Alexa is available on a range of device modes, which means you can design and build a single voice-optimized experience by using Alexa Presentation Language (APL) that easily scales and adapts to every Alexa-enabled device. From smart speakers to light bulbs to widescreen televisions, customers can interact with voice experiences on many different devices. Each device mode has its own form factor, context of use, and set of customer expectations. By following these guidelines, you can bring high-quality visual experiences to any Alexa-enabled device.
Speakers are the category of Alexa-enabled audio devices without a screen, though some might offer a compact or low-resolution screen. Customers primarily use speakers to listen to audio. They can be standalone devices or those connected to other devices, such as a soundbar connected to a TV.
All speakers have a microphone and at least one speaker to enable voice interactions. Occasionally speakers can be connected to other speakers to create a multi-room music, or to other screened devices like TVs to create theater-like home experiences. Typically, however, speakers are considered to be voice-only experiences because microphones are the primary input.

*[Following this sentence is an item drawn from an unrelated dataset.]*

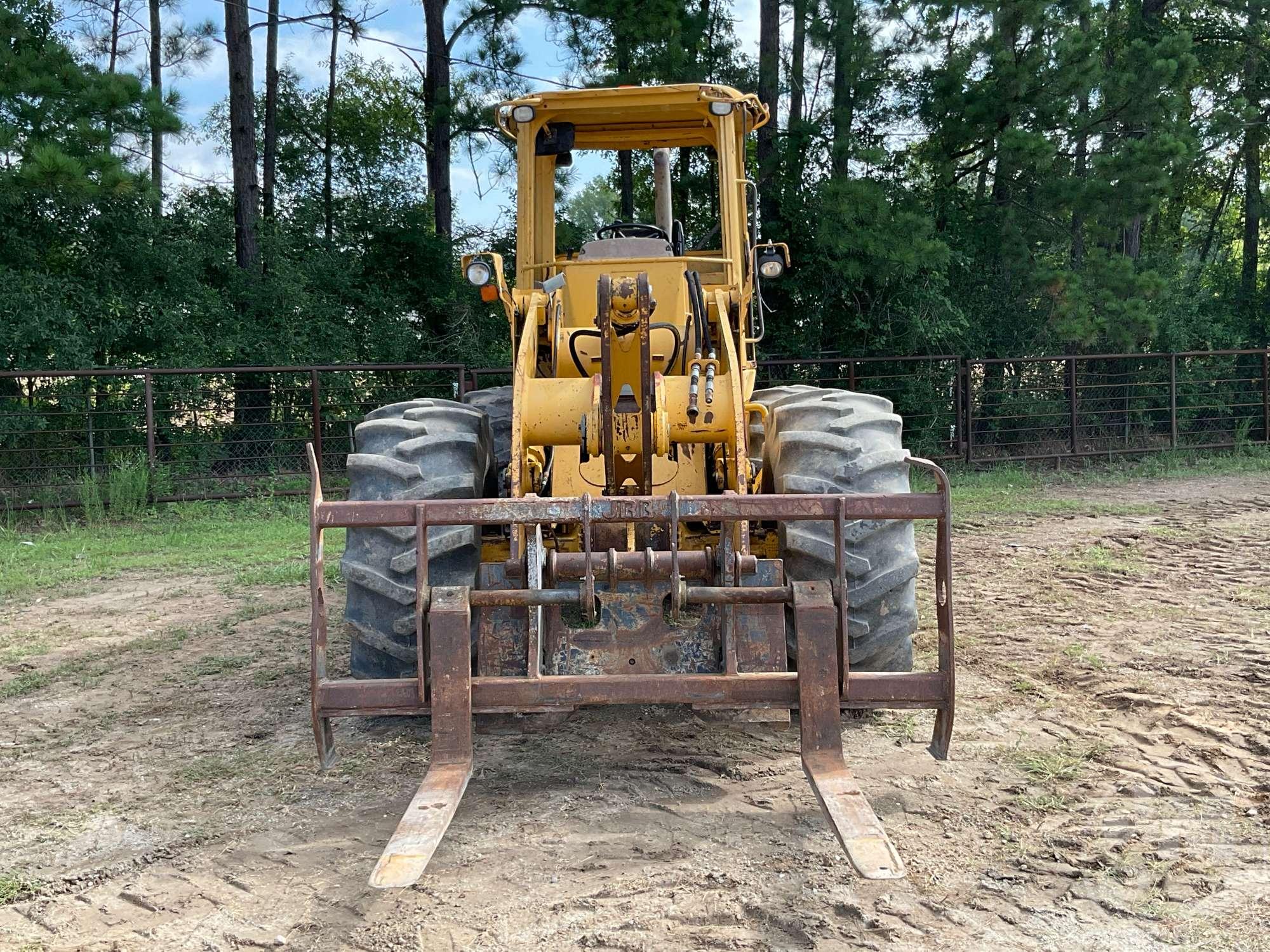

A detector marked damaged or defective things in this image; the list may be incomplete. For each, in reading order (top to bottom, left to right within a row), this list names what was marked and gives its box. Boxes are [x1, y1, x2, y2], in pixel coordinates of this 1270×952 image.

rusty fork tine [368, 589, 478, 894]
rusty fork tine [792, 586, 904, 883]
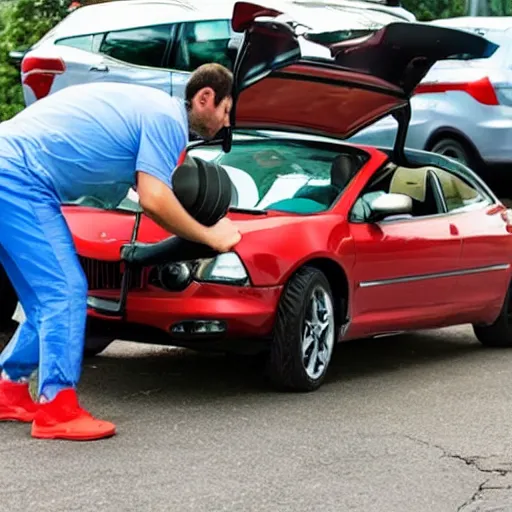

Speakers should generally be considered to support voice-only experiences, as most speakers with screens have low-resolution displays that are not sufficient to support the visual experience for an Alexa skill.
Depending on the speaker's location, it might be used by one person or shared between many people. Because the device is typically without a screen to focus attention, customers often multi-task while listening to the device. Speakers are often placed in communal areas of the home or in the office.
Depending on the environment, customers can roam farther away from speakers due to their ability to be used with audio only.
Settings and authentication
Because speakers often do not have a screen available, or the screen available has limited capabilities, authentication is done in the Alexa App. If your skill will need access to settings or account authentication in order for the customer to use all its features, the skill should instruct the customer to go to the Alexa app.
Smart displays, such as the Echo Show or Echo Spot, intercoms and other fixed home devices that are used for music, communications, and entertainment. Hubs have a wide variety of screen sizes and often have touch capabilities.
All hubs have a microphone, camera, and touchscreen. Don't rely only on the touch screen in your skill. Most customers use a hub at a wide variety of distances and voice should be considered the primary input method.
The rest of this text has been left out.